> Stored items
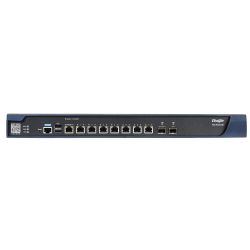 RG-EG3230 - Ruijie Router Cloud, 8 Portas + 1 Porta SFP + 1 Porta…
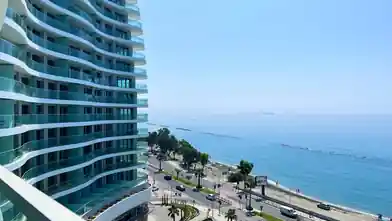 Mieszkanie na wynajem, Dystrykt Limassol, Mutajaka, Dimos Amathountas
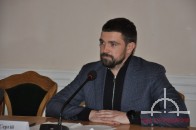 Заступник керівника ОП прокоментував звернення депутатів Волиньради щодо призначення голови ОДА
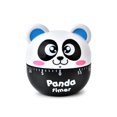 thumbnail image 1 of Kitchen Timer Cute Cartoon Mechanical Timer Reminder Alarm Clock,calculagraph-60 Minutes,2.7inch(Blue), 1 of 5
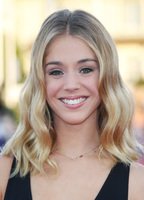 Алиса Исааз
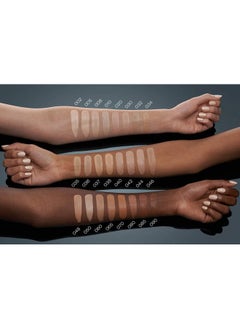 Catrice HD Liquid Coverage Foundation | High & Natural Coverage | Vegan & Cruelty Free (046 | Camel Beige)  - Image 5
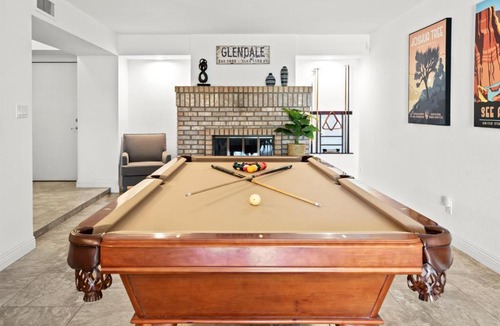Arrowhead Ranch House | Heated Pool & Spa, Game Room, 4 Bdrm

> Your instructions
Please set the records down again exactly as written. The pictures should not be included.

> Reply to the task
 RG-EG3230 - Ruijie Router Cloud, 8 Portas + 1 Porta SFP + 1 Porta…
 Mieszkanie na wynajem, Dystrykt Limassol, Mutajaka, Dimos Amathountas
 Заступник керівника ОП прокоментував звернення депутатів Волиньради щодо призначення голови ОДА
 thumbnail image 1 of Kitchen Timer Cute Cartoon Mechanical Timer Reminder Alarm Clock,calculagraph-60 Minutes,2.7inch(Blue), 1 of 5
 Алиса Исааз
 Catrice HD Liquid Coverage Foundation | High & Natural Coverage | Vegan & Cruelty Free (046 | Camel Beige)  - Image 5
Arrowhead Ranch House | Heated Pool & Spa, Game Room, 4 Bdrm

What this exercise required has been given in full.